This is not the place to debate the causes, management and fall out of the Covid-19 pandemic and its impact on adult social care, but there is no doubt that in overcoming the seemingly impossible difficulties of the last 18 months, councils and providers have had to innovate and invent to protect and save lives.
One area where we have seen a huge acceleration of activity, interest and action is in how digital technology can transform the way we put people’s ever-changing needs at the heart of our health and social care response.
Well before the Covid-19 crisis hit, as the use of things like smart speakers and wearable tech took off, our own experiences as consumers were already changing our understanding and expectations of how digital technology can be integrated into and help our daily lives.
What has changed more recently, however, is a clearer imperative to move fast, a greater focus on collaboration born out of necessity and the need to provide challenging and occasionally disruptive leadership across the public services to make things happen.
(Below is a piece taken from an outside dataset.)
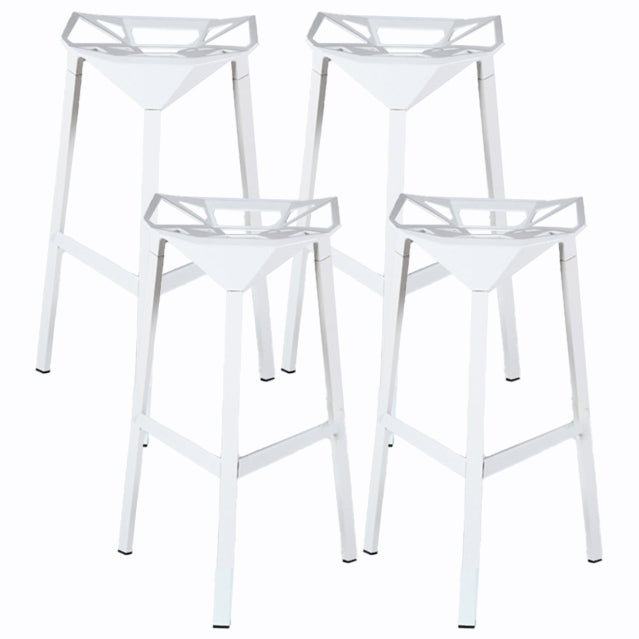 Modern Armless Backrest Counter Stool Iron Milk Tea Shop Bar Stool with Seat and Pedal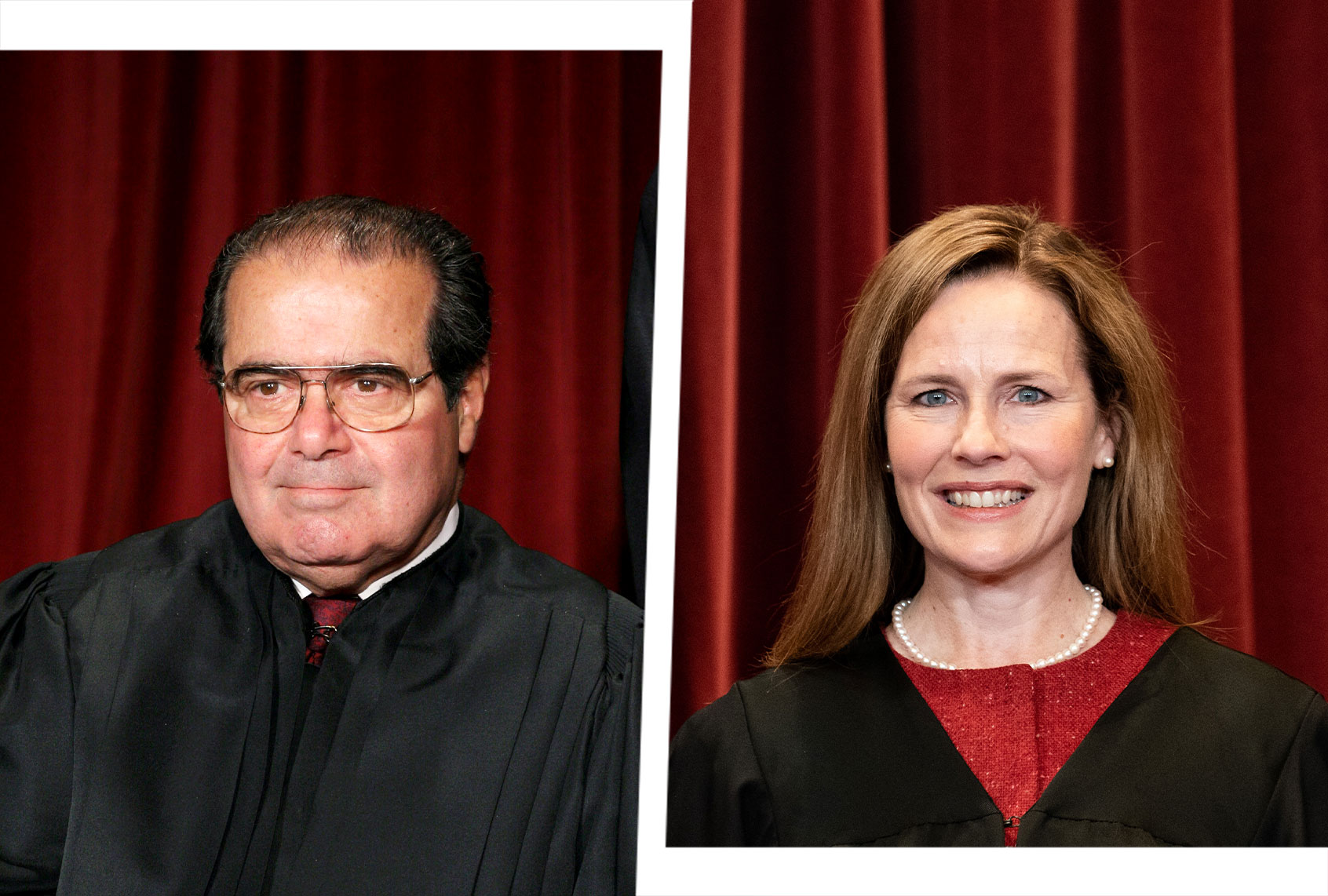 Antonin Scalia and Amy Coney Barrett (Photo illustration by Salon/Getty Images)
At the same time, we are also seeing more national support and investment in supporting the adult social care sector with digital transformation, for example through NHSX and new Integrated Care System structures that are emerging.
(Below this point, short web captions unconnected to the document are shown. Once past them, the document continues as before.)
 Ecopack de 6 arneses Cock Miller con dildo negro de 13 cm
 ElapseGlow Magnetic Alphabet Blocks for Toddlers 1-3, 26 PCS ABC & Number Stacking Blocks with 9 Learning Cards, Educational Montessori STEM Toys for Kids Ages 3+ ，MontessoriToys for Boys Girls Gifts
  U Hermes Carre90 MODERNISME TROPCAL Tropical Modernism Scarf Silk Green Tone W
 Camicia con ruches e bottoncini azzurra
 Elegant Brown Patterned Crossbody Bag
As a region, it is important to us that we are seen as a key partner in shaping and influencing the national, regional and local digital agenda and that we have the right capabilities to be able to do so.
This means collectively engaging in and being curious about digital and inviting experience and expertise across all levels of local government – from our directors to our front-line professionals – to shape our approach to transformation.
So, how are we trying to develop our digital leadership capacity in practice?
1. Finding, huddling around and supporting technology enthusiasts. We have recently launched our Digital Network which brings together over thirty representatives from across the fourteen West Midlands councils interested or working in adult social care technology to exchange learning, experience and support. The Network is developing its own work programme, is chaired by one of its members and has strategic sponsorship and support from our Directors. See more about the Network, as well as short video summaries of the sessions here.
2. Piloting a new approach to regional adult social care digital leadership. We are pleased to be working in partnership with NHSX, the Local Government Association, NHS Midlands and East Midlands ADASS in piloting a new, Adult Social Care Digital Lead Role for the region. The role, which is hosted by WM ADASS, is critical in helping us to understand and join up the array of digital initiatives underway in the region across health and care so that we can better engage in them and with our partners. We are already speaking to other ADASS regions interested in replicating this model of digital leadership.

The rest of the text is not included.